======== Supplied information ========

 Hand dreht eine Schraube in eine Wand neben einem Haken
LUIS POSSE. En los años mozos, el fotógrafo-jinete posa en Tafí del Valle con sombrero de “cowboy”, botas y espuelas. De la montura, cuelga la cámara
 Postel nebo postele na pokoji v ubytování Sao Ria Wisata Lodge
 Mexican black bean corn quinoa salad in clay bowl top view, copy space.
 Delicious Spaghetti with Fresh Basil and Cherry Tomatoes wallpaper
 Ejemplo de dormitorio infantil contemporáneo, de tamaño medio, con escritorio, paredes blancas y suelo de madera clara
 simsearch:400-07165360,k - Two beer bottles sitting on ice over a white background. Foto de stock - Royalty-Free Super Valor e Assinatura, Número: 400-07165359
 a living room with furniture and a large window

========
======== Supplied information ========

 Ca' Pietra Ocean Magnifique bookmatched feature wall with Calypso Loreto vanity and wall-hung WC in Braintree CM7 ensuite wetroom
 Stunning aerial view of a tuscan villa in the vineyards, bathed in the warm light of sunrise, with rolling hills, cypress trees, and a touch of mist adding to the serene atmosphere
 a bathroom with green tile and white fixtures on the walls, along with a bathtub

========

Restate word for word only the lines above from the line containing "Mexican black bean" to the line containing "simsearch:400-07165360,k - Two", both of them included.

 Mexican black bean corn quinoa salad in clay bowl top view, copy space.
 Delicious Spaghetti with Fresh Basil and Cherry Tomatoes wallpaper
 Ejemplo de dormitorio infantil contemporáneo, de tamaño medio, con escritorio, paredes blancas y suelo de madera clara
 simsearch:400-07165360,k - Two beer bottles sitting on ice over a white background. Foto de stock - Royalty-Free Super Valor e Assinatura, Número: 400-07165359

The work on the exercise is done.